■ **Problem statement**: Your task is to repeat exactly the lines below between the line holding "سمو نائب أمير الرياض يشرّف حفل سفارة الهند" and the line holding "Wireless LED Light", inclusive, and only those.

■ **Exercise materials**:
<<<<
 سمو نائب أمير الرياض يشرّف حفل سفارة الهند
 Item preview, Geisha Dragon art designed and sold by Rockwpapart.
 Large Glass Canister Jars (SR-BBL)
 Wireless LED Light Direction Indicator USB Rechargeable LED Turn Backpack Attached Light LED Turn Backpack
>>>>
<<<<
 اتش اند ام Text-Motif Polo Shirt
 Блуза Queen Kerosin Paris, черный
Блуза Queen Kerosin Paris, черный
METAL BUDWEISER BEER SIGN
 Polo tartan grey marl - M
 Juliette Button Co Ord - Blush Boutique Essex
>>>>
■ **Task answer**:
 سمو نائب أمير الرياض يشرّف حفل سفارة الهند
 Item preview, Geisha Dragon art designed and sold by Rockwpapart.
 Large Glass Canister Jars (SR-BBL)
 Wireless LED Light Direction Indicator USB Rechargeable LED Turn Backpack Attached Light LED Turn Backpack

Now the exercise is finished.